Station

Oyama (Kagoshima)

大山

Oyama (Kagoshima)
Wikimedia Commons (see file page for author + license)

History

Ōyama Station opened on 22 March 1960 as a JNR Ibusuki Line station. The Ibusuki Line was renamed the Ibusuki-Makurazaki Line on 31 October 1963 and the station became part of that line. With the JNR breakup on 1 April 1987 the station passed to JR Kyushu. The station originally had an island platform serving two tracks and operated as a passing point, but today only one of those platforms is in use as a single side platform with one track; traces of the original layout can still be seen in the trackwork, along with stockpiled sleepers and bridge materials in the yard. The station is unstaffed; there is no station building, but a passenger canopy stands on the platform.

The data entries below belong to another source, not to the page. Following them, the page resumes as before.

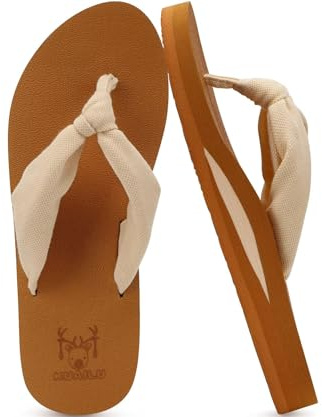 KuaiLu Flip Flops Women Arch Support Yoga Mat Comfortable Summer Beach Walking Thong Cushion Sandals Slip on Outfits Travel Essentials Orthotic Slides Indoor Outdoor Slippers Shoes Beige Khaki Size 7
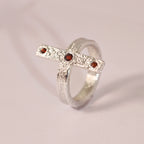 Bague croix en argent 925 et grenats – Taille 56 – BA06 — vue 5 — Tirou Bijou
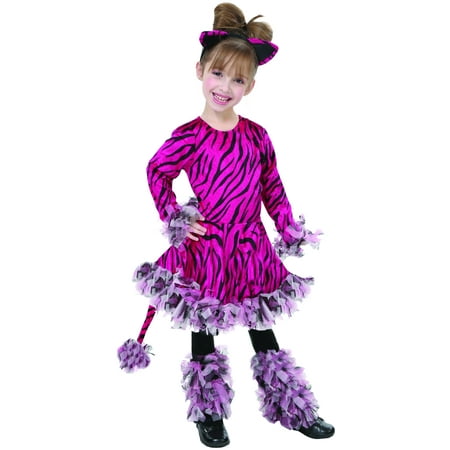 Living Fiction Adorable Tiger Animal Halloween 3pc Girl Costume, Pink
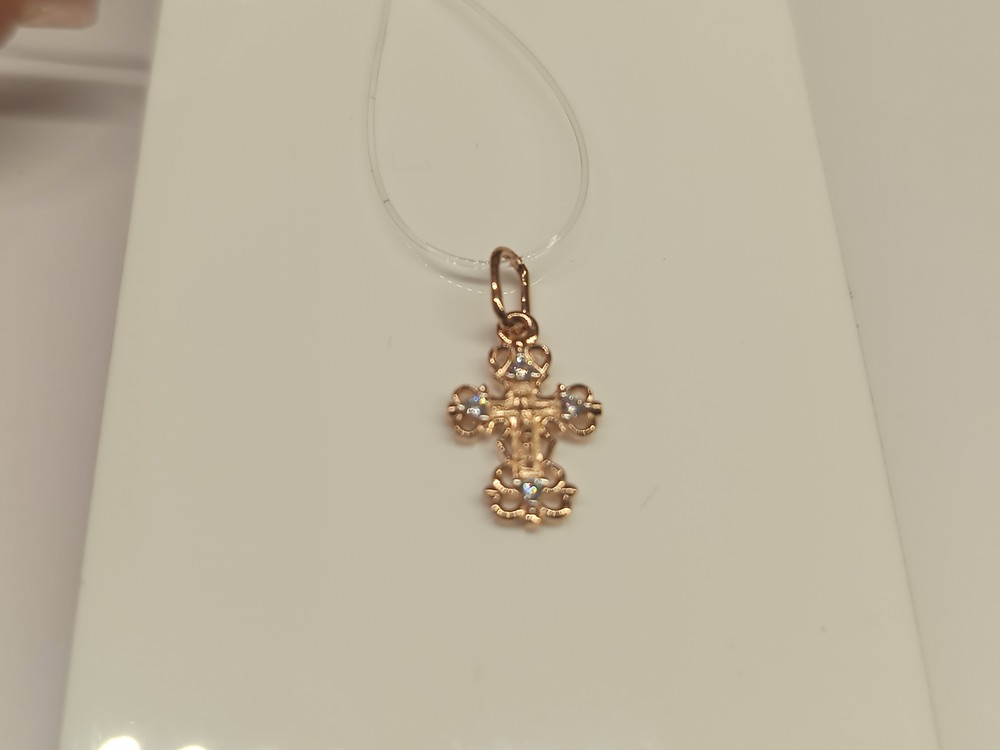 ПОДВЕСКА КРЕСТ с камнями (Au 585)
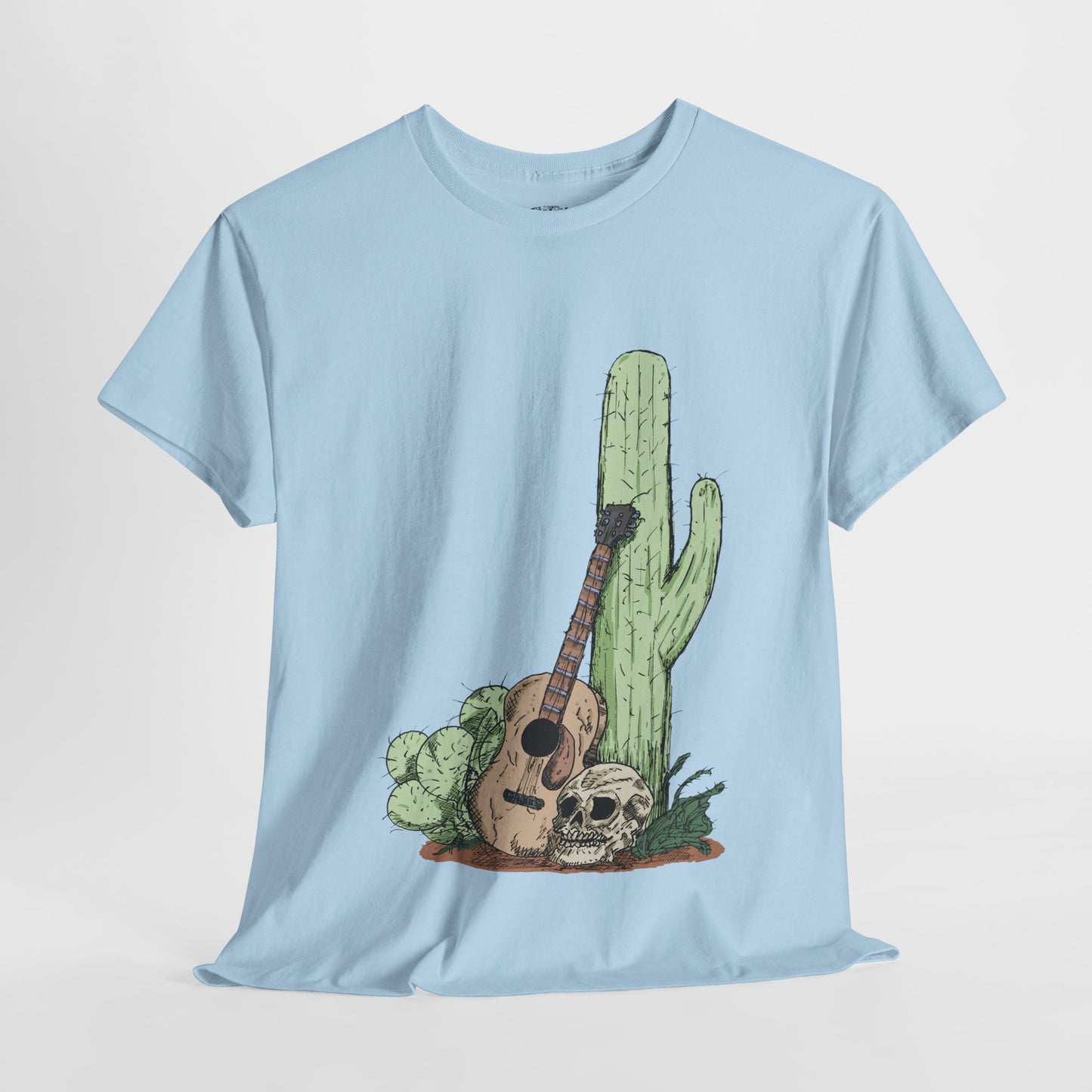 Desert Vibe Graphic Tee - Unisex Heavy Cotton Shirt, Boho Cactus Shirt, Guitar Lover's Gift, Summer Top, Music T-Shirt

History summarized from Japanese & English Wikipedia · last reviewed 2026-05-24.

Notes

The station-name signboards at Ōyama were updated from the JR Kyushu standard design to a custom design featuring the giant eels of nearby Lake Ikeda, the bamboo of Takeyama, and animals from the Nagasakibana Parking Garden zoo. The station sits on a plateau formed by thick deposits of the Ata pyroclastic flow (tens of thousands to about 100,000 years old); from the platform the southerly slope offers a wide sea-side view, and visible from the train are Japan's southernmost geothermal power plant (Kyushu Electric's Yamakawa plant) and the strange rock formations along the East China Sea coast.